These models play a crucial role in helping scientists understand how the climate is responding as greenhouse gases build up in the atmosphere.

For four decades, the Coupled Model Intercomparison Project (CMIP) has guided the work of the climate-modelling community by providing a framework that allows for millions of results to be collected together and compared.

The resulting projections are used extensively in climate science and policy and underpin the landmark reports of the Intergovernmental Panel on Climate Change (IPCC).

Now, the seventh phase of CMIP – CMIP7 – is underway, with more than 30 climate-modelling centres expected to contribute more than five million gigabytes of data – so much that downloading it using a fast internet connection would take two and a half years.

Here, we look at what is new for CMIP7, including its model experiments, updated emissions scenarios and “assessment fast track” process.

What is CMIP?

Around the world, climate models are developed by different institutions and groups, known as modelling centres.

Each model is built differently and, therefore, produces slightly different results.

To better understand these differences, CMIP coordinates a common set of climate-model experiments.

These are simulations that use the same inputs and conditions, allowing scientists to compare the results and see where models agree or differ.

The figure below shows the countries that have either produced or published CMIP simulations.

CMIP across the globe
Countries that have contributed modelling or data infrastructure for CMIP. Credit: CMIP

During this time, scientists use new and improved models to run experiments from previous CMIP phases for consistency, as well as new experiments to investigate fresh scientific questions.

These simulations produce a trove of data, in the form of variables – such as temperature, rainfall, winds, sea ice extent and ocean currents. This information helps scientists study past, present and future climate change.

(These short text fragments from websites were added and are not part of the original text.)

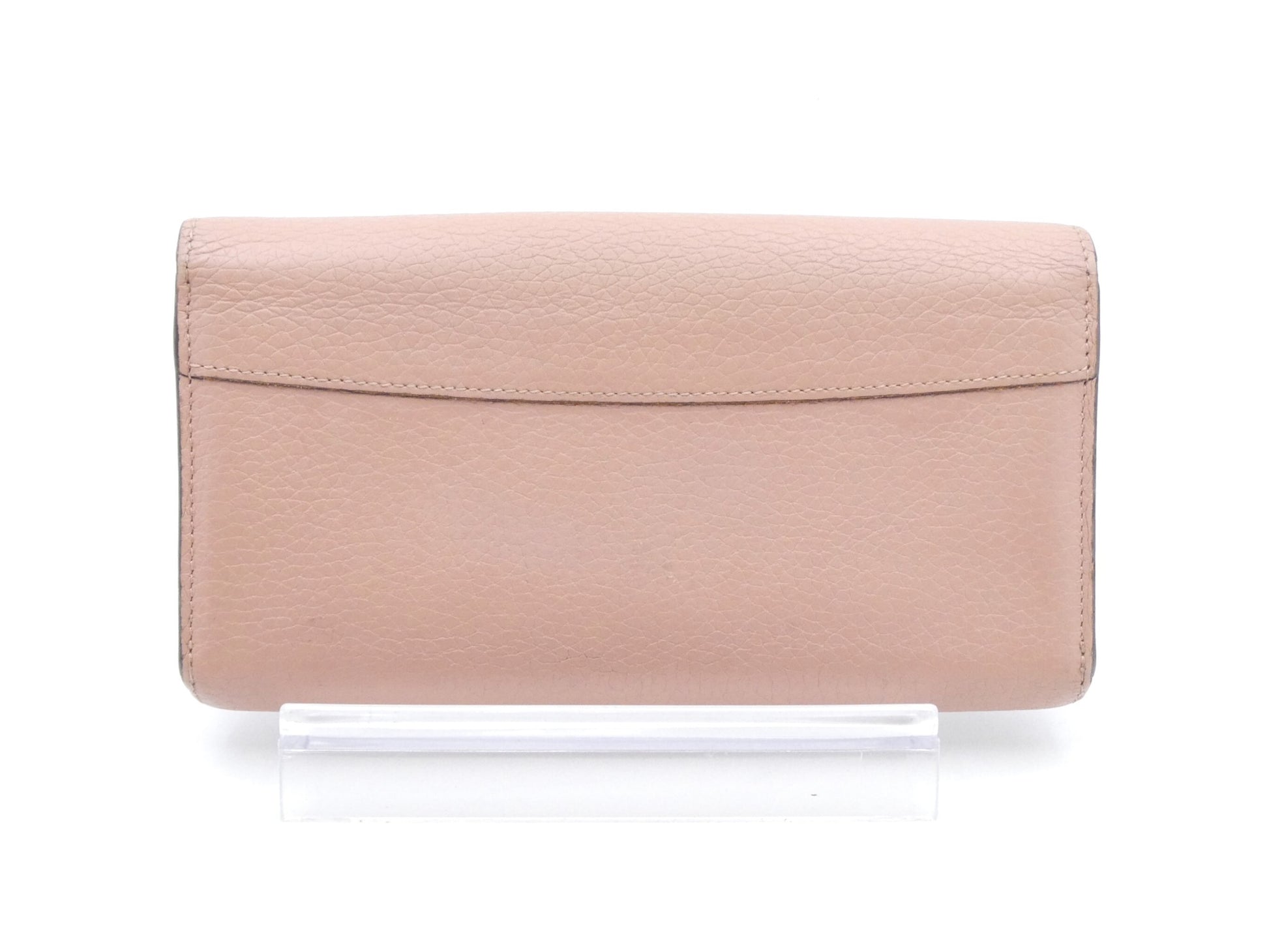 LOUIS VUITTON Portefeuille Capucines Wallet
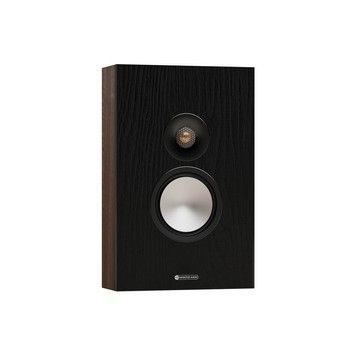 Акустична система Bronze On-Wall Walnut (7G)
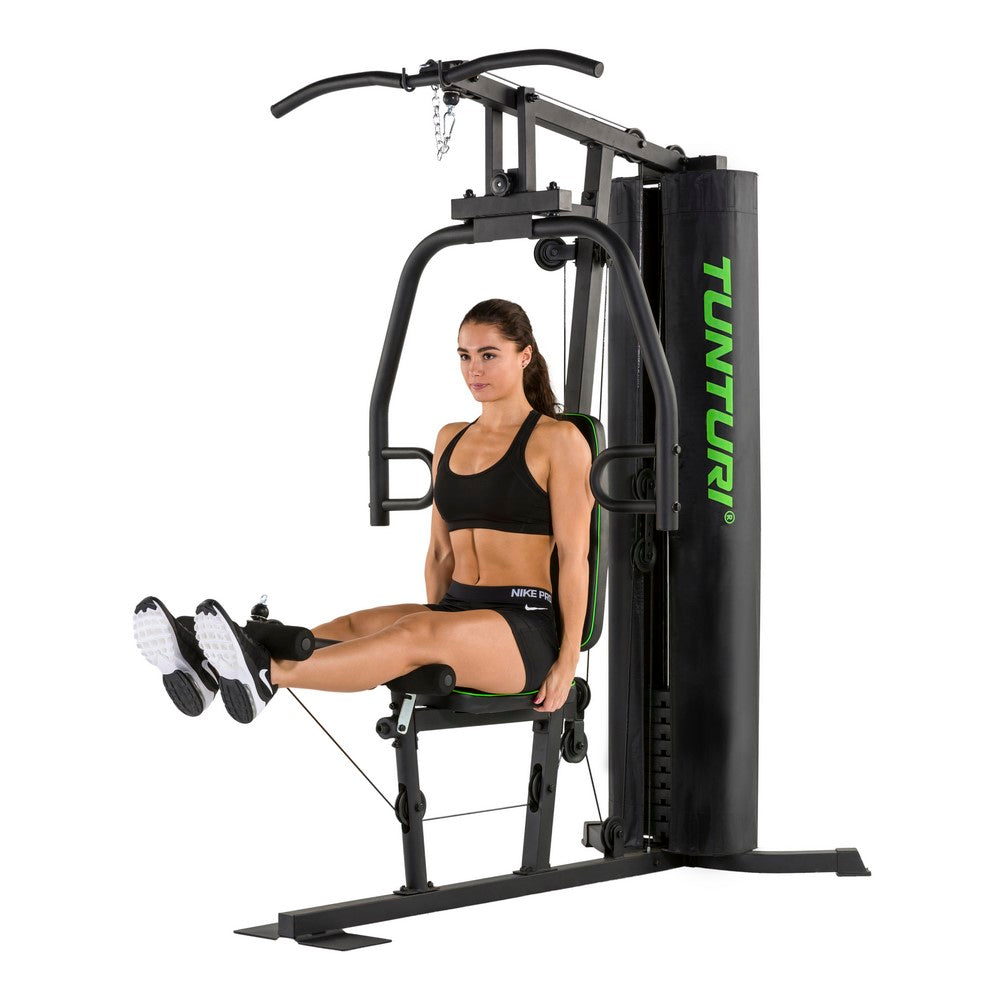 HG20 Home Gym TUNTURI - FitnessBoutique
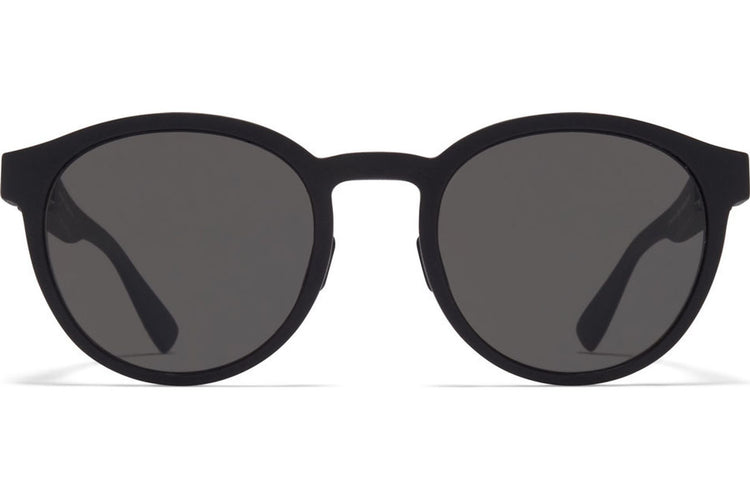 MD1 Pitch Black / Darkgrey Solid (CAT3)
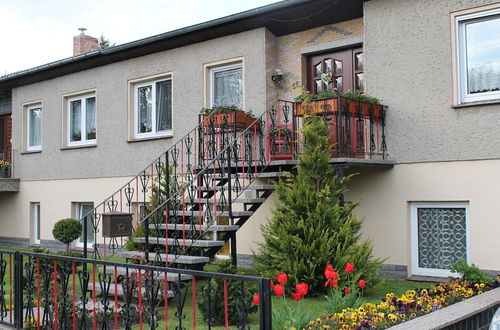 Photo 29 - Peaceful Apartment in Klütz Germany near Boltenhagener Beach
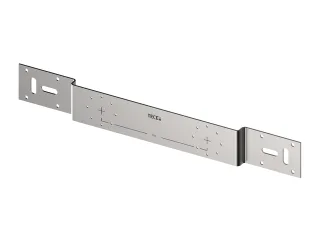 Tece Halter für die TECEflex Hygienebox , 720571 720571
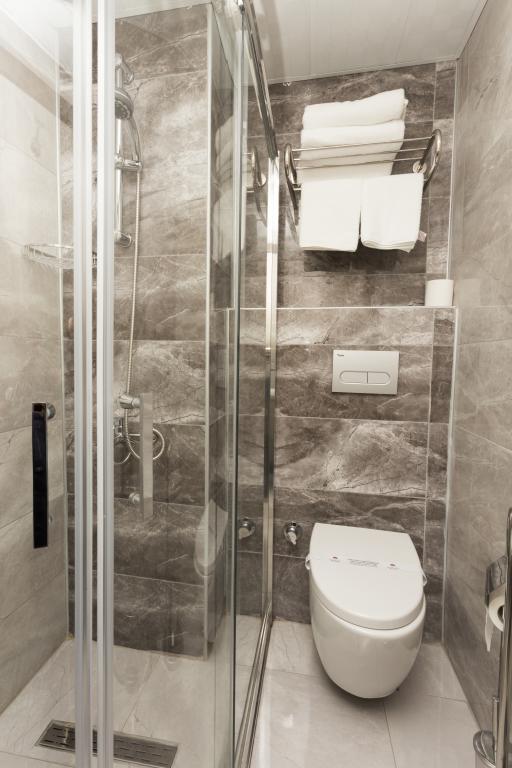 Sunsan Hotel Canakkale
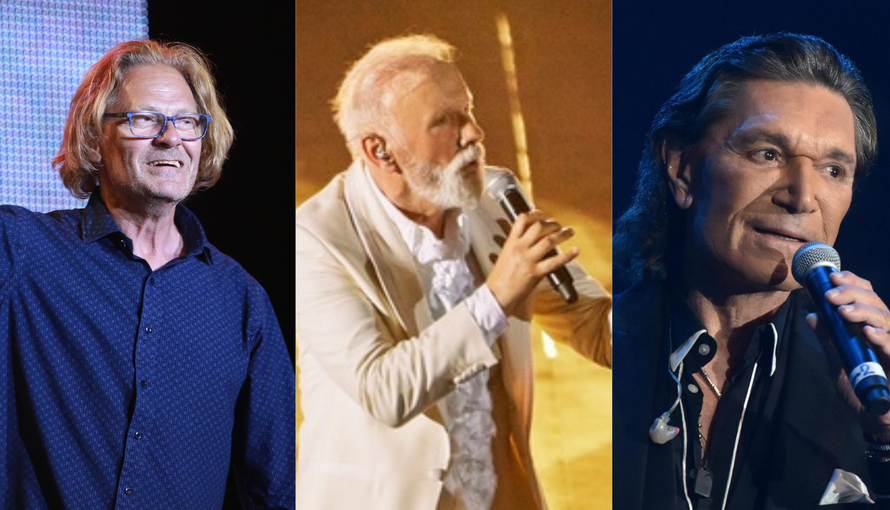 Dorotea Budimir, Tadija Bajić, Edin Dervišhalidović? Ovo su prava imena zvijezdi s estrade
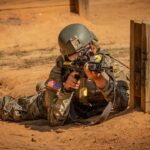 Former Special Operations Veterans Push for Nationwide Concealed Carry Rights on Par With Retired Police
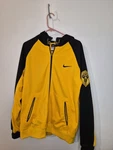 Vintage Nike Kobe Bryant Jacket With Hood Therma-fit Mens Large. Fixed Price $99.99.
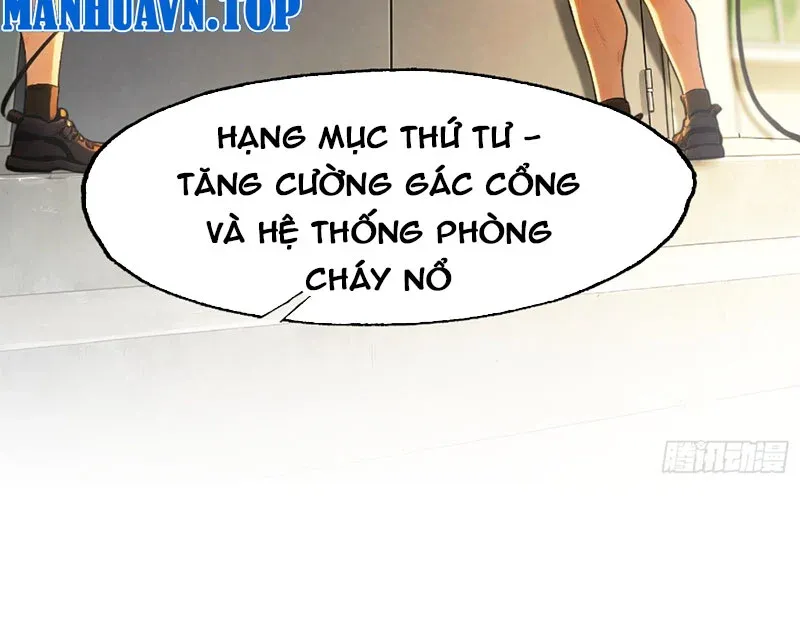 Mạt Thế Cao Ôn: Ta Dựa Vào Phòng An Toàn Thành Thần Chap 33 - Next Chap 32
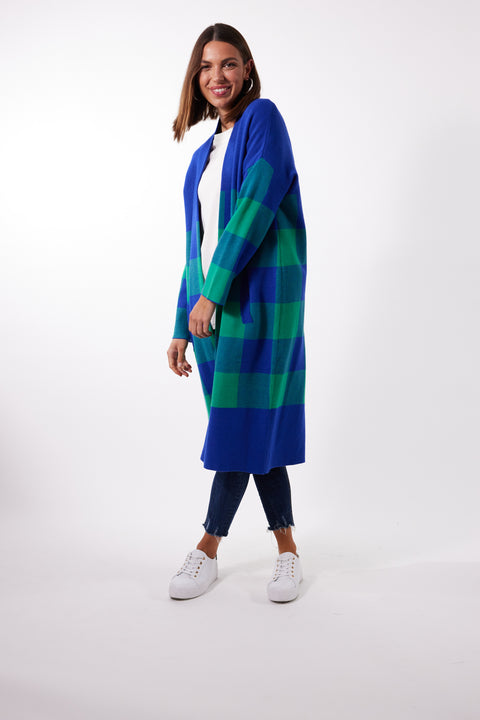 St Moritz Cardigan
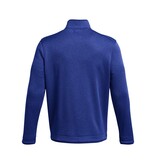 Under Armour UA Storm SweaterFleece QZ LB-Royal / Royal / Black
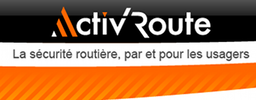 Activ'Route : 1er réseau de signalement zones dangereuses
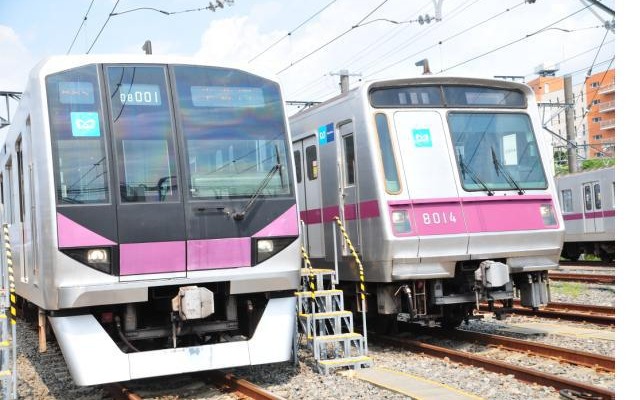 東京メトロ 半蔵門線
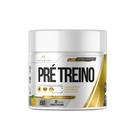 Pré treino lavinutre workout limão 150g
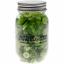 Greenery - Buttons MJ105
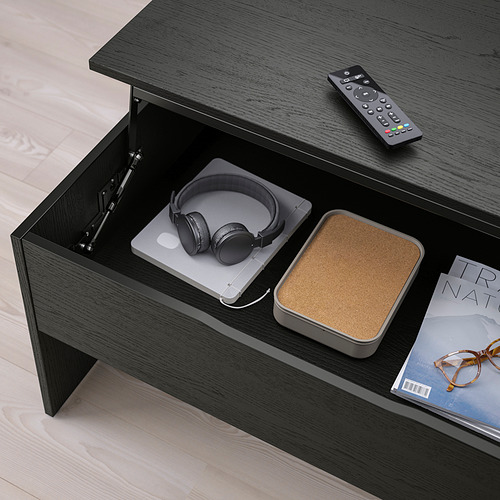 ÖSTAVALL, mesa de centro regulable. 6 de 10 abrir diálogo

As scientific understanding and technical capabilities improve, models are refined. As a result, each CMIP phase incorporates higher spatial resolutions, larger ensembles, improved representations of key processes and more efficient model designs.

CMIP7 objectives

Each CMIP phase has an “experimental design” that outlines which climate-model experiments should be run and their technical specifications, including the time period the models should simulate.

The CMIP7 experimental design has several components.

As in CMIP6, for a modelling centre to contribute, they are asked to produce a suite of experiments that maintain continuity across past and future CMIP phases.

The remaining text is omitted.